The desire to experience more joy in everyday life is pretty common among people of almost all faiths. Many religions consider joy to be proof of the presence of the divine. Unfortunately, it is also one of the things many people confess that they're missing out on.
Stoicism is a philosophy rooted in rational thought. Stoics tend to distrust passions, particularly those that may lead to fear, jealousy or other negative emotions. Stoicism may not be the first place to which many people turn for lessons on joy, but there are some practices within this school of thought that can make delight more readily available.
Practicing Stoicism inevitably means setting a high bar for how you spend your time. Virtue is valued above all else, and important virtues can be divided into four lofty categories:
Within these four elements of the philosophy lie many opportunities for joy. The insatiable curiosity of learning as much as you can often leads to wonder. The satisfaction of taking a stand or defending those who are oppressed can make the world a fairer place. By practicing sensual or emotional pleasures in moderation, you keep yourself from becoming addicted to them and thus are free to experience the joys they bring without the drawback of desperation. While this may be a tall order for many people, others may find the challenge of this pursuit exhilarating.
One of the critiques of Stoicism is that, for all its talk of disarming negative emotion through reason, it seems to embrace melancholy with the practice of imagining life without specific blessings or pleasures.
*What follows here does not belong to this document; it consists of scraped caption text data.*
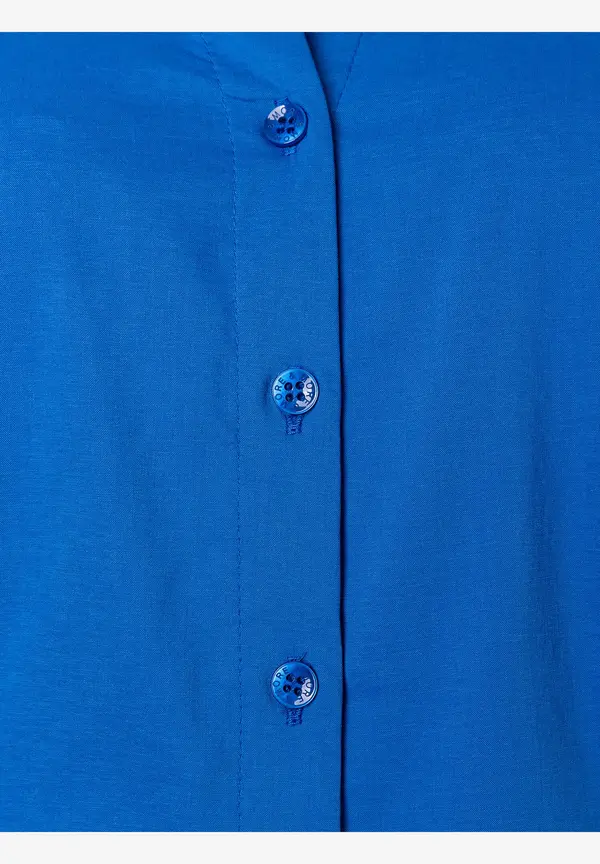 More & More Baumwoll/Stretch Bluse, magic blue, Sommer-Kollektion Heißer Verkauf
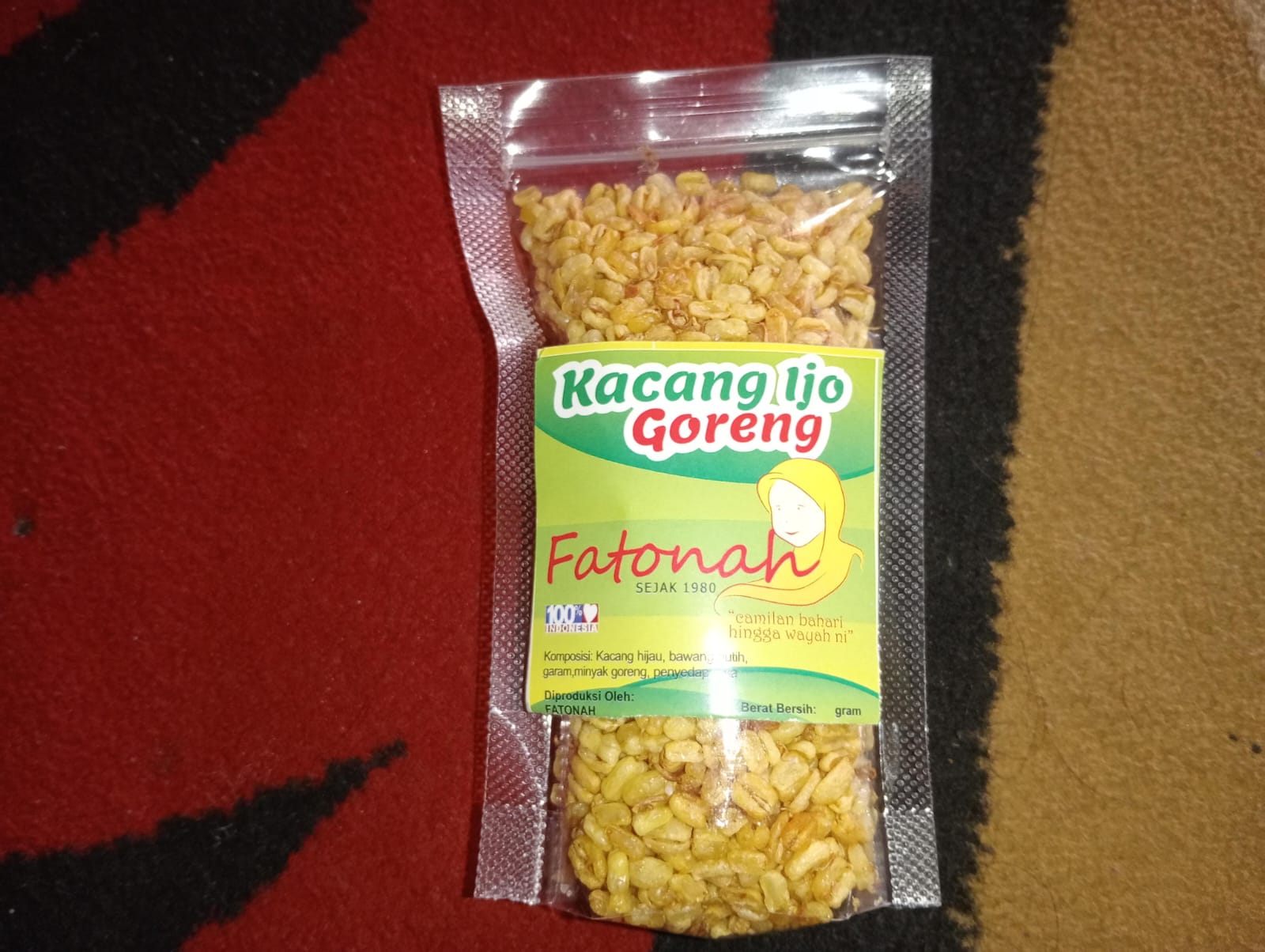 Camilan Legendaris Tenggarong, Kacang Ijo Fatonah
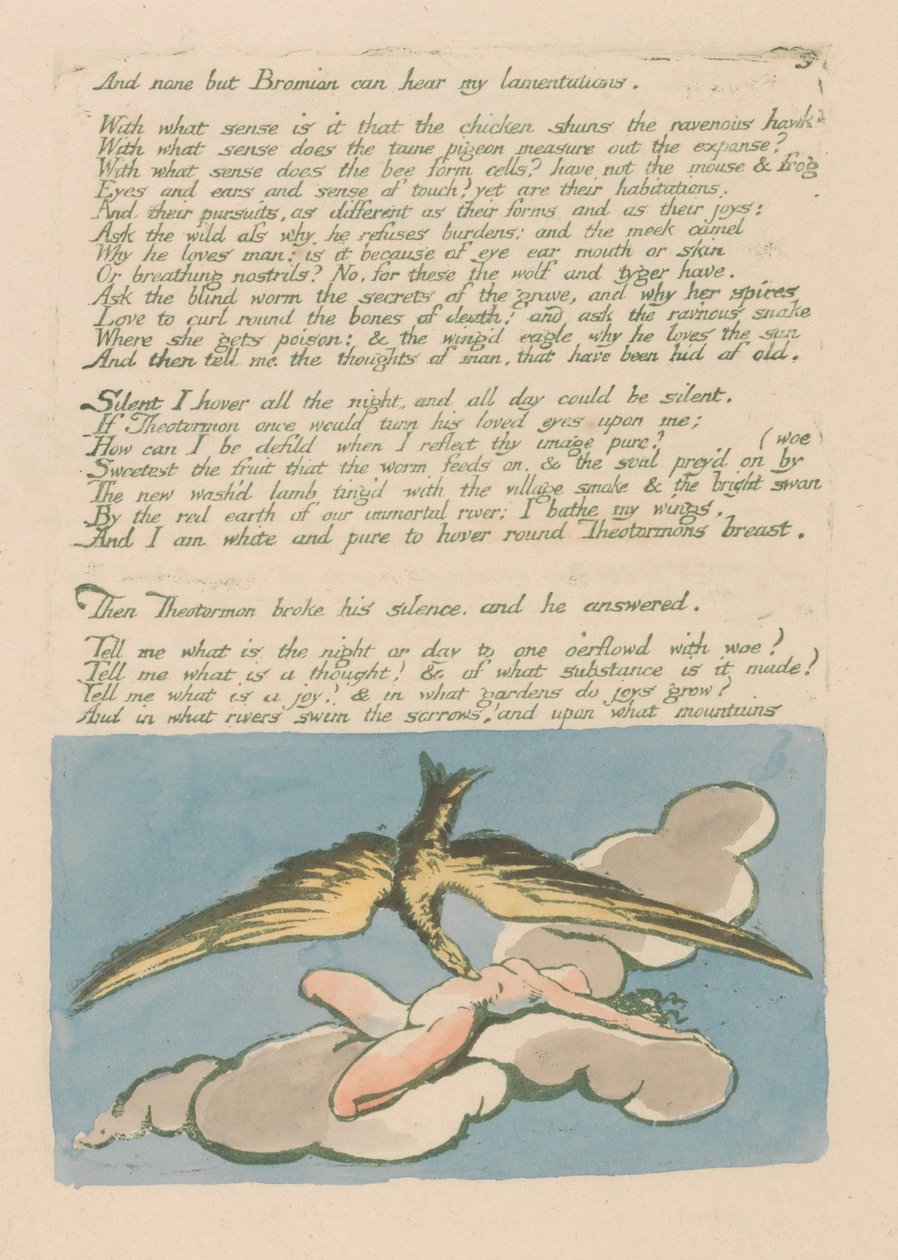 Látomások Albion leányairól, 6. tábla, és senki más, csak Bromian. . . . alkotó: William Blake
Many who practice this philosophy, however, report the opposite effect. They routinely picture how they would feel or what their life would be like without specific people they love or the necessities that make their lives easier. By engaging in negative visualization, they are able to experience more gratitude and joy about things and people that others may take for granted.
Many religions practice negative visualization through seasons of fasting. Some may give up food for a certain amount of time and use every hunger pang as a reminder to pray for those who don't have the abundance they typically enjoy. During Lent, many leaders encourage their congregations to choose something they love or enjoy and do without it for forty days. Many choose a specific type of food, but others pick a favorite pastime, convenience or luxury. The practice isn't always easy, but the joy they experience on Easter when it's time to once again embrace what they have been missing is an essential part of the celebration.
Focus on the Practical
Most of the things that happen to you in life are not completely in your control. You can't always predict or influence how other people act, and you can't make someone feel or think a certain way about you. The Stoic path to joy calls for distinguishing between the things you can control, the things you can only partially control and the things you cannot control.
Use this distinction to guide your goal-setting. For example, if you want to run a marathon, it doesn't make sense to make winning your goal. After all, there are too many factors that play into that outcome for it to be within your control. Instead, set measurable and attainable goals for your own performance, such as the number of times you run in a week or overcoming your own best time. When you focus only on the elements you can control, the end result is likely to be much more satisfying.
Stoicism may not be for everyone, but all people of faith can learn something from its principles. You may even be surprised by how easily they lead to joy.